Nervöse Frösche und Risikomanagement


Adam Smith (* 1723, † 1790), der schottische Moralphilosoph und Begründer der klassischen Volkswirtschaftslehre prägte das Bild des auf die Maximierung seines persönlichen Nutzens – auf Basis rationaler Überlegungen ausgerichteten – homo oeconomicus. Erst der „Egoismus“ (self-interest) des Einzelnen und nicht etwa Nächstenliebe oder Altruismus führen dazu, dass auch der gesellschaftlich materielle Wohlstand gesteigert werde: „Nicht vom Wohlwollen des Metzgers, Brauers und Bäckers erwarten wir das, was wir zum Essen brauchen, sondern davon, dass sie ihre eigenen Interessen wahrnehmen. Wir wenden uns nicht an ihre Menschen- sondern an ihre Eigenliebe, und wir erwähnen nicht die eigenen Bedürfnisse, sondern sprechen von ihrem Vorteil“ (Adam Smith in Der Wohlstand der Nationen - Eine Untersuchung seiner Natur und seiner Ursachen.)

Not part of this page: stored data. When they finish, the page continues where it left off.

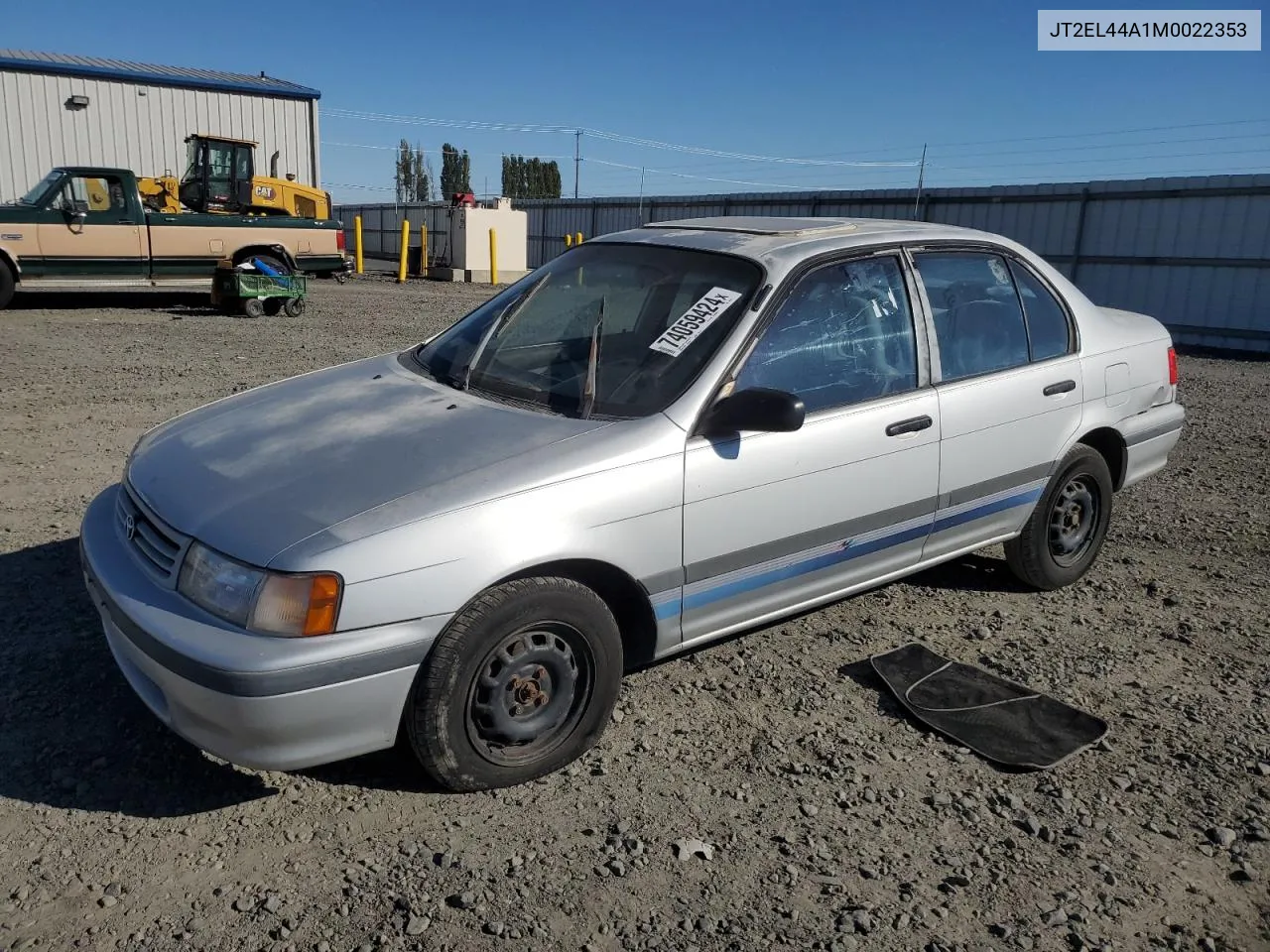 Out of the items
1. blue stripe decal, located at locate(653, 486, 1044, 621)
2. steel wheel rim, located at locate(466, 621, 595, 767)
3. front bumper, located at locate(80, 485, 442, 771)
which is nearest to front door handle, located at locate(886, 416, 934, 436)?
blue stripe decal, located at locate(653, 486, 1044, 621)

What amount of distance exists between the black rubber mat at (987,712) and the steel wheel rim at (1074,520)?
1.08 m

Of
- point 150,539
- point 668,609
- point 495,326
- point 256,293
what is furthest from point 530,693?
point 256,293

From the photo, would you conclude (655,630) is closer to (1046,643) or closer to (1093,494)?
(1046,643)

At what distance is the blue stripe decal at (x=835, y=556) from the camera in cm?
332

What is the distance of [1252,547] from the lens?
538 centimetres

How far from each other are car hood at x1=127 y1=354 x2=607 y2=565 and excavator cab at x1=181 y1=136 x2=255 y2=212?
713 inches

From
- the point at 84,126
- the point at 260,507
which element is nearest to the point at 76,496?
the point at 260,507

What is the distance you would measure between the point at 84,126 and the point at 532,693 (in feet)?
85.8

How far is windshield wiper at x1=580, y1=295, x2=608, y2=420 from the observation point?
10.9ft

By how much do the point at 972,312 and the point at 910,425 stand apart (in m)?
0.76

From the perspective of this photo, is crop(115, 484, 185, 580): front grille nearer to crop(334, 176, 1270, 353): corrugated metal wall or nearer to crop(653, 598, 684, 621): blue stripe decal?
crop(653, 598, 684, 621): blue stripe decal

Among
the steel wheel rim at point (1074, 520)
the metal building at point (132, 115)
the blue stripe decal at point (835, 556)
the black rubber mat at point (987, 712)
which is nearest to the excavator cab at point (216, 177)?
the metal building at point (132, 115)

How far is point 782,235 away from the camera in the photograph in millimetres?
3938

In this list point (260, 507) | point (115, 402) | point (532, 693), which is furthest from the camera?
point (115, 402) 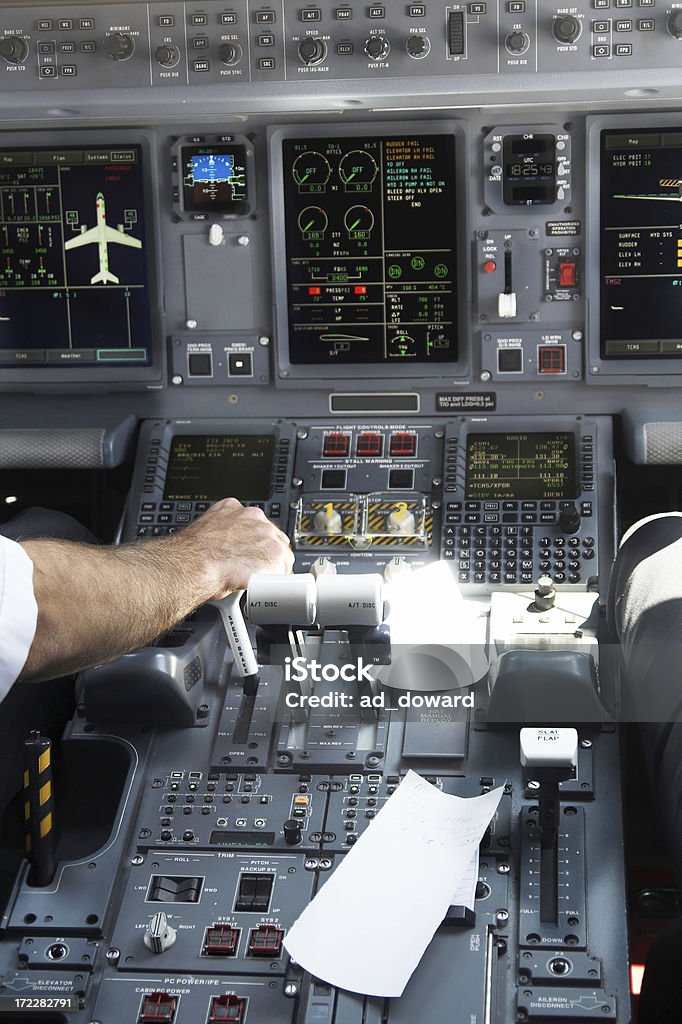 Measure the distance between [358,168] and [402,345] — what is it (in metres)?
0.48

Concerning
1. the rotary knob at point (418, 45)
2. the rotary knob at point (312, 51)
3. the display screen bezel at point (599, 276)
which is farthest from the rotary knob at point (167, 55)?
the display screen bezel at point (599, 276)

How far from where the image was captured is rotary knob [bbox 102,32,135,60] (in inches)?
114

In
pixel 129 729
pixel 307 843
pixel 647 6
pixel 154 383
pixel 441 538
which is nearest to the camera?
pixel 307 843

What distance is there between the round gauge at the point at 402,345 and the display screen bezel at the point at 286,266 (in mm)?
29

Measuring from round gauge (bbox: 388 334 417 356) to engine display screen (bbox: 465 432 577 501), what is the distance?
28 centimetres

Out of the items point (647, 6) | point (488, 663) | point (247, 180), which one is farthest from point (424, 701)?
point (647, 6)

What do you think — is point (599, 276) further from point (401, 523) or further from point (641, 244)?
point (401, 523)

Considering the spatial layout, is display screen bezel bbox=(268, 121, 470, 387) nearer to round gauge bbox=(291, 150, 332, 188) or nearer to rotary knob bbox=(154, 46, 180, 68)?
round gauge bbox=(291, 150, 332, 188)

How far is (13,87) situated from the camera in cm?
294

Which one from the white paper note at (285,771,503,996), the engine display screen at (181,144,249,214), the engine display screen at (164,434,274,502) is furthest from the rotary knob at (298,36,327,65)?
the white paper note at (285,771,503,996)

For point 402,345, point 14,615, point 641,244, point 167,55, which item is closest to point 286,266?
point 402,345

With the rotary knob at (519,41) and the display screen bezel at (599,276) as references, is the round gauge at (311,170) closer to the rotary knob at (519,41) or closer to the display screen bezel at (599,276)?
the rotary knob at (519,41)

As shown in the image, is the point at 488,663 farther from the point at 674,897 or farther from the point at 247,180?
the point at 247,180

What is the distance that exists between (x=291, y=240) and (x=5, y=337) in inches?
33.4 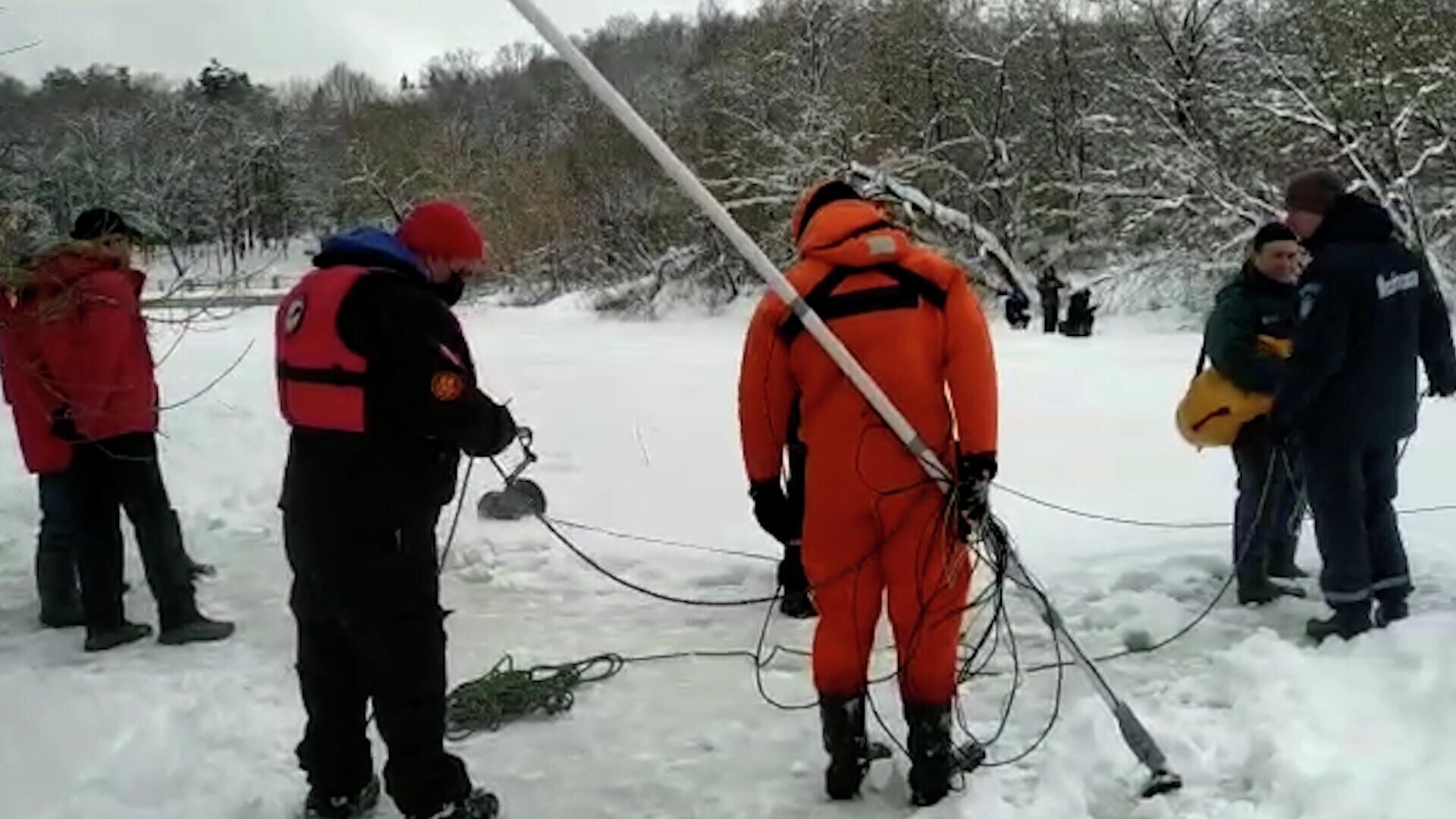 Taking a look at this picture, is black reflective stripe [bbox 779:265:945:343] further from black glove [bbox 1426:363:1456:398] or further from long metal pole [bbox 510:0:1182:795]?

In den vergangenen Jahrzehnten wurde das Bild des homo oeconomicus immer wieder kritisiert. Insbesondere die Soziologen weisen auf die Bedeutung von Normen und Werten für das menschliche Handeln hin. Der Mensch sei keine egoistische, gefühlskalte, rein rationale Maschine und erst recht nicht allwissend.

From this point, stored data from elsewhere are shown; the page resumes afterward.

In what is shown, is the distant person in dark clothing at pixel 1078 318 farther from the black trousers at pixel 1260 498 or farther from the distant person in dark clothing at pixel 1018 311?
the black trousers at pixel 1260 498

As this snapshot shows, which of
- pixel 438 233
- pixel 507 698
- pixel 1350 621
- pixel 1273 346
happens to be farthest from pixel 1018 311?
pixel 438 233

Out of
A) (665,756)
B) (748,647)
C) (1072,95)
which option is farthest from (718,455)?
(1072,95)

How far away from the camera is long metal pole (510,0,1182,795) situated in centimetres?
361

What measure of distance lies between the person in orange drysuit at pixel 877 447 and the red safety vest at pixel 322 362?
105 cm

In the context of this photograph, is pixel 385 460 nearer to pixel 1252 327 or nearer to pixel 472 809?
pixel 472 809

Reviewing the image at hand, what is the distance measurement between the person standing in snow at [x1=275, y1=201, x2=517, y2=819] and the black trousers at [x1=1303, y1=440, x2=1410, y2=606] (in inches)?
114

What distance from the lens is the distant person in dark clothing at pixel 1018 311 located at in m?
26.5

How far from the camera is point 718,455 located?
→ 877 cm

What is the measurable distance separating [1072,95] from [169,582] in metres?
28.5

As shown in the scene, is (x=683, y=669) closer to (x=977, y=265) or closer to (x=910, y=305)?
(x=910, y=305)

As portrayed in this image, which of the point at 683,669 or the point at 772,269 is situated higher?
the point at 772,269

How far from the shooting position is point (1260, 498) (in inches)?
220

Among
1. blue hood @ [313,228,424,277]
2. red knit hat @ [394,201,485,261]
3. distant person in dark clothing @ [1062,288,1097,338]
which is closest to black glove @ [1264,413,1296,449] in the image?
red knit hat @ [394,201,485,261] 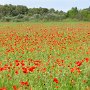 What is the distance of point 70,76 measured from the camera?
6758 millimetres

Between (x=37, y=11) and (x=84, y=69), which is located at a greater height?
(x=84, y=69)

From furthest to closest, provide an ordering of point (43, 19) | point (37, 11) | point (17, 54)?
point (37, 11)
point (43, 19)
point (17, 54)

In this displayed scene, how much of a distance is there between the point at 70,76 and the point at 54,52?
4.69 metres

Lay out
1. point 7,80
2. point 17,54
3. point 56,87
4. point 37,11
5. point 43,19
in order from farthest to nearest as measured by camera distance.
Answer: point 37,11 → point 43,19 → point 17,54 → point 7,80 → point 56,87

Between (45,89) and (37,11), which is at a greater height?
(45,89)

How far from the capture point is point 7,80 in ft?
21.5

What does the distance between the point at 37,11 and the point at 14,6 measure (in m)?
5.40

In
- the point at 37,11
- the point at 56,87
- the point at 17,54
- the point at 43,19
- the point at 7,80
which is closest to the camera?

Der Nobelpreisträger Daniel Kahneman* (Bild) belegte gemeinsam mit seinem Kollegen Amos Tversky, wie weit das Idealbild des Homo Oeconomicus, der bei gegebener und bekannter Präferenzordnung, bei vollkommener Information und vollkommener Voraussicht seine Kauf- und Verkaufs-, Produktions- und Konsumtionsentscheidungen stets rational trifft, von der Realität entfernt ist. Der Mensch handelt völlig anders als jenes Wesen aus den Ökonomielehrbüchern. Vielmehr beruhen Entscheidungen häufig nicht auf komplizierten Rechnungen, sondern auf Daumenregeln (Kahneman, D. und Tversky, A.: Prospect Theory: An Analysis of Decision Under Risk, 1979).
Dabei messen Menschen neuen Informationen besondere Aufmerksamkeit zu und bewerten sie daher über: Mit diesem Verhaltensmuster kann der Mensch in der Natur schnellstmöglich auf Gefahren reagieren. Auf den Finanzmärkten führt diese Angewohnheit allerdings zu überdimensionalen Ausschlägen, weil jede Kleinigkeit, wenn sie nur neu ist, stärker in die Bewertung eingeht, als die tatsächliche Profiterwartung dies rechtfertigt. Börsenteilnehmer benehmen sich folglich wie nervöse Frösche und sorgen für ein übertriebenes Auf und Ab auf den Märkten, das nach rationalen Gesichtspunkten nicht angemessen ist. Die Theorie der nervösen Frösche basiert insbesondere auch auf der unterschiedlichen Risikowahrnehmung. Risiken sind Konstrukte unserer Sinnesorgane. Ein raffiniertes biologisches System wandelt die winzigen elektrischen Impulse, die von unseren Nervenzellen ausgehen, in Bilder um und gaukelt uns damit eine Realität vor, die letztlich aber nur eine unter unendlich vielen möglichen ist. Risikowahrnehmung ist außerdem abhängig von der Betrachtungsperspektive. Wer Geld an der Börse verloren hat, sieht die Risiken des Aktienmarktes anders als andere. Kahneman und Tversky postulieren auch, dass Menschen Verluste stärker gewichten als Gewinne, wodurch sie erklären, dass Aktienspekulanten sich im Verlustbereich risikofreudig und im Gewinnbereich risikoavers verhalten.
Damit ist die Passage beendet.